If we are correct in our analysis of the jurisdictional acts in attaching significance to the words “any other claim where the services were not actually rendered and finished and resulted to the benefit of said people,” the items covered by this count of the defendants’ counterclaim are not allowable. The record sustains a contention that the services rendered in connection with which the expenses set up as a counterclaim were incurred were completed and resulted in benefit to the Indians. The greater portion of the amounts paid out was disbursed as incidental to the attorneys’ efforts in enforcing the collection of tribal taxes, expelling intruders from Indian country, protecting the tribes in granting rights of way to railroads, town sites, sale of surplus lands, and guarding the Indian rolls, assuredly part and inseparably connected with the regular and necessary administration of the tribal government.
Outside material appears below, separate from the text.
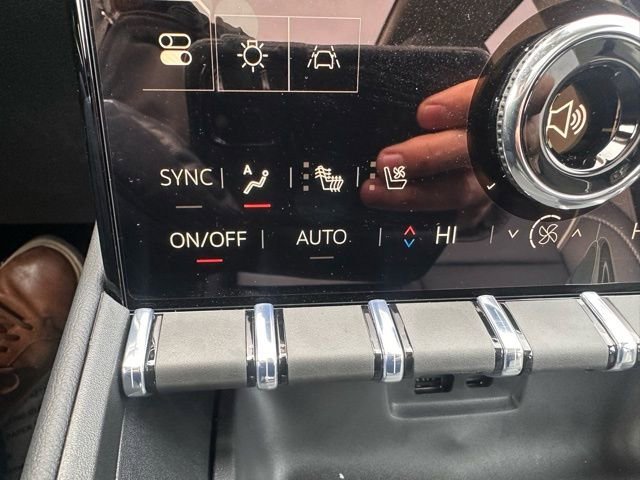 New 2026 GMC Terrain Denali AWD/4WD image 30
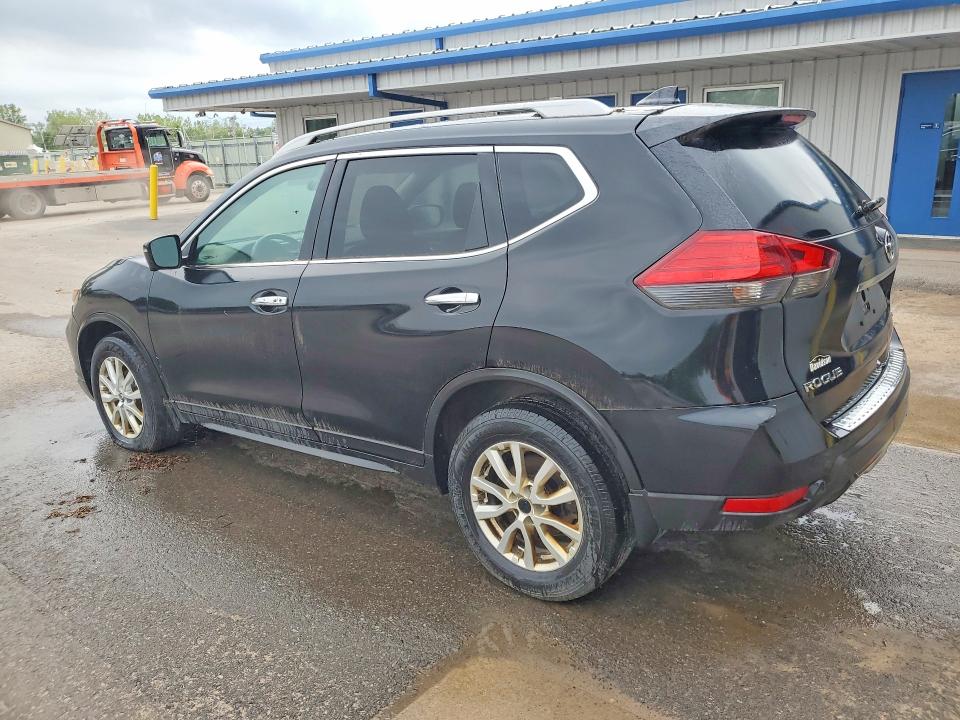 67115676 :رقم المزاد ، 5N1AT2MV3HC879383 vin ، 2017 Nissan Rogue مزاد بيع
In addition to this it is asserted by the plaintiff, and not contradicted by the defendants, that the funds from which the same were paid were accumulated by the tribes as income from the very sources the attorneys were called upon to protect. It is comparatively easy to minimize the importance of services rendered twenty years after the event, and point to a substantial aggregate made up of innumerable items paid out at different dates for a period of eight years as a weighty reason for ascribing illegality and irregularity. The Indian Nations knew what was going on. Government officials were fully cognizant of the attorneys’ activities, and recognized and dealt and cooperated with them during the whole period of time. The Indian officer never once challenged the proceedings during their continuance. As to the sums disbursed under tribal acts, approved by the President, we feel certain they were authorized. The contracts of the law firm as general counsel of the tribes certainly may not be considered onerous or unusual. Congress, by the act of June 28, 1898, the Atoka agreement, clearly intended to exercise its plenary authority over Indian tribal lands and affairs. The statute pointed out the method of procedure, provided the ways and means of accomplishing its purpose, and if followed in this regard, surely what was done thereunder may not now be challenged as illegal and void. Butler & Vale v. United States, 43 C. Cls. 497, 520; Winton v. Amos, 255 U. S. 373.

The counterclaim of the defendants, except as to the one item, the judgment for $14,238, with 6 per cent interest thereon from date of rendition to date of judgment in this case, is dismissed.

Judgment should be rendered in favor of the plaintiff under Finding XIII for $53,900, and under Finding XVII, sections 1 and 2, for $5,277.09, less the sum of $25,668.74 under Finding XXYI, leaving a final judgment in favor of the plaintiff of $33,508.35. As to all other claims the plaintiff’s petition is dismissed. It is so ordered.

GRAham, Judg&; Hat, Judge; and Campbell, Chief Justice, concur.